> Directions for this task: The lines in the listing below are to be given again exactly, starting at the line holding "TYR Competitor Top" and ending at the line holding "Подушка безопасн нижняя". Do not include pictures.

━━━ Extracted entries ━━━

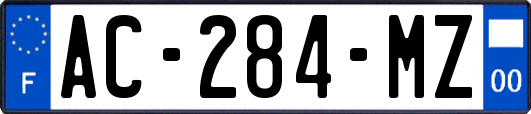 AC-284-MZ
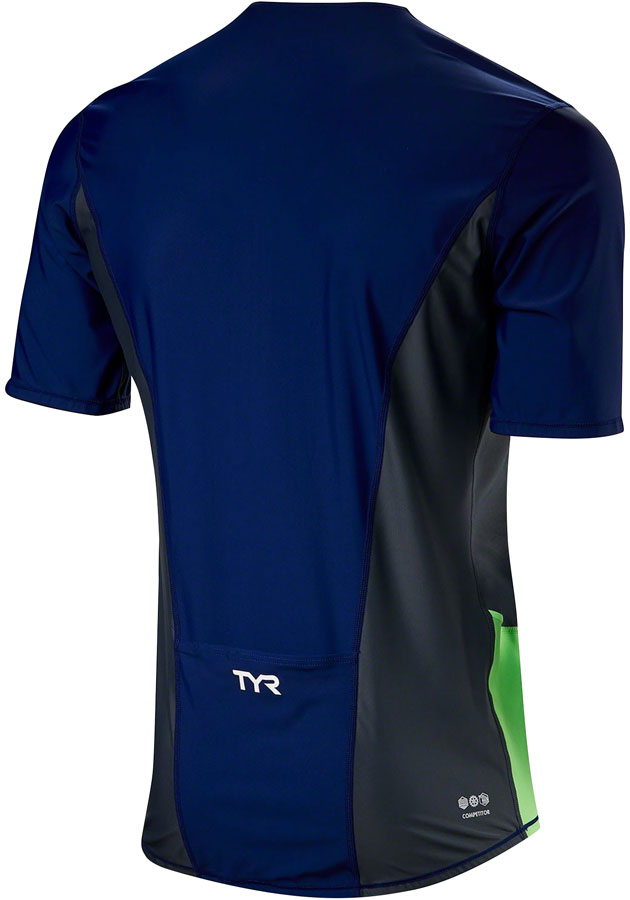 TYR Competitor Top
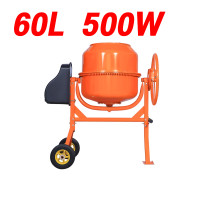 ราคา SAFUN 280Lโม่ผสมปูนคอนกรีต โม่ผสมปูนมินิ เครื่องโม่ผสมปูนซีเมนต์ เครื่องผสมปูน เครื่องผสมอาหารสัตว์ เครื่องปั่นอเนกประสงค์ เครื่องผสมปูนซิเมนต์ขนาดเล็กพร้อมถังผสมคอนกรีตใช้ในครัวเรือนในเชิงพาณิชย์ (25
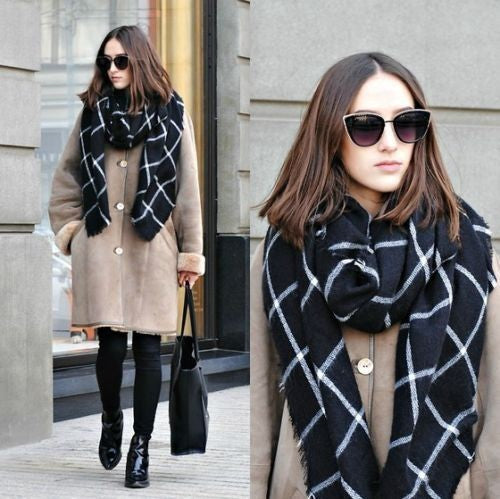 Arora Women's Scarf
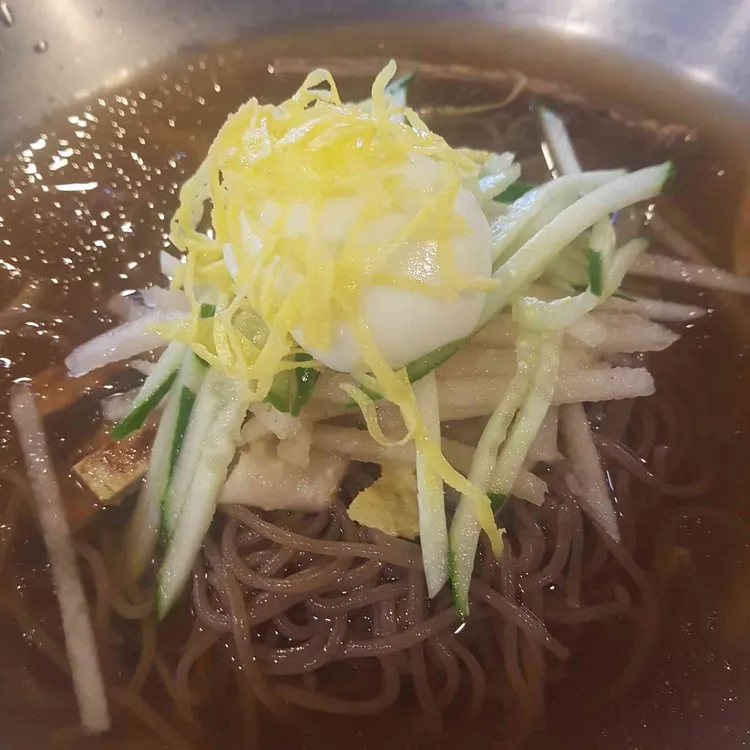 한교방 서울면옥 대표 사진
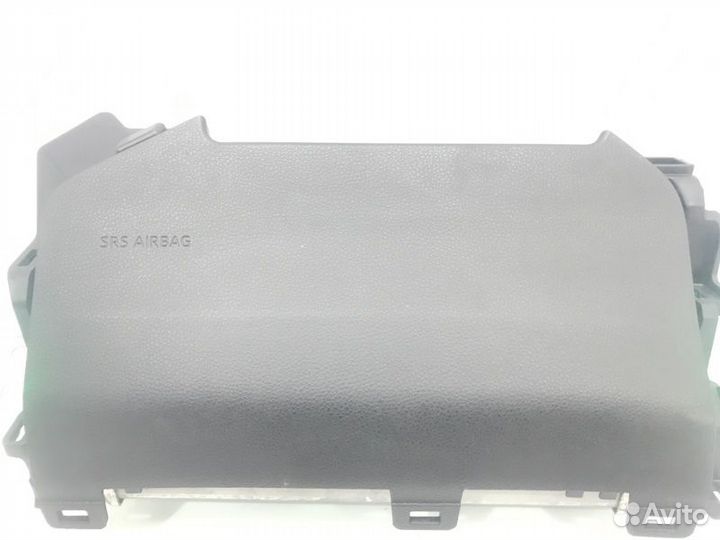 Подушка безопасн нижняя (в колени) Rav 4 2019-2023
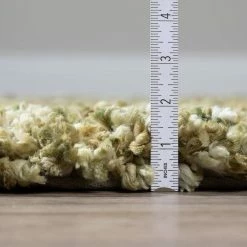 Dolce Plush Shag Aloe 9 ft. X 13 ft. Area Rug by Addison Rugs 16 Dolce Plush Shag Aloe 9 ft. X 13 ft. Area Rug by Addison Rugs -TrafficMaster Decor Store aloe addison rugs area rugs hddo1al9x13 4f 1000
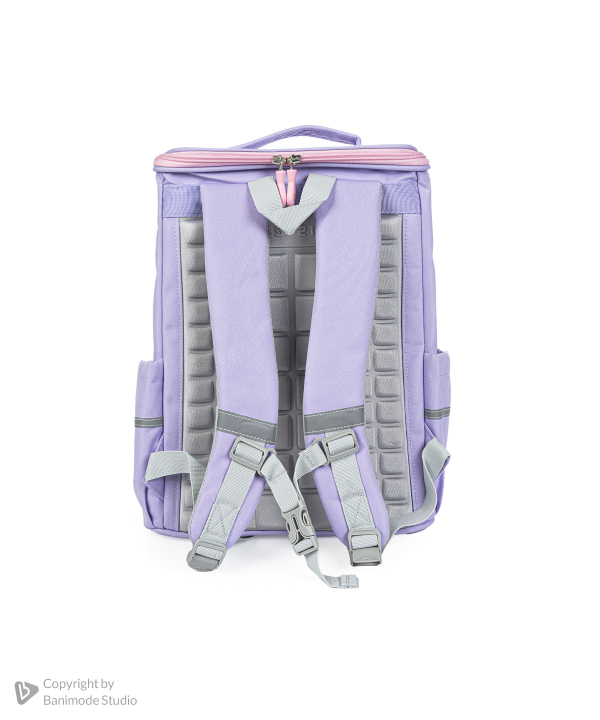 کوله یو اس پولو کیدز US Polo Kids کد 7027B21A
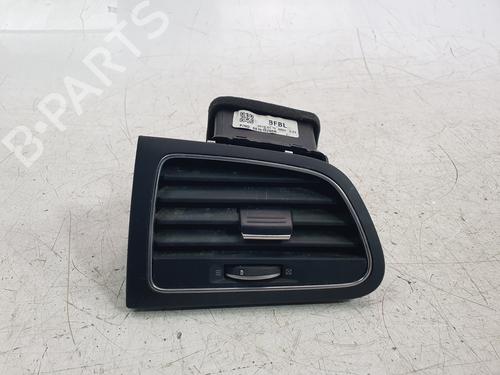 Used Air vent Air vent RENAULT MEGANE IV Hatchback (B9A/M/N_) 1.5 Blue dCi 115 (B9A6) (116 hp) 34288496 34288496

━━━

> Exercise solution:
 TYR Competitor Top
 ราคา SAFUN 280Lโม่ผสมปูนคอนกรีต โม่ผสมปูนมินิ เครื่องโม่ผสมปูนซีเมนต์ เครื่องผสมปูน เครื่องผสมอาหารสัตว์ เครื่องปั่นอเนกประสงค์ เครื่องผสมปูนซิเมนต์ขนาดเล็กพร้อมถังผสมคอนกรีตใช้ในครัวเรือนในเชิงพาณิชย์ (25
 Arora Women's Scarf
 한교방 서울면옥 대표 사진
 Подушка безопасн нижняя (в колени) Rav 4 2019-2023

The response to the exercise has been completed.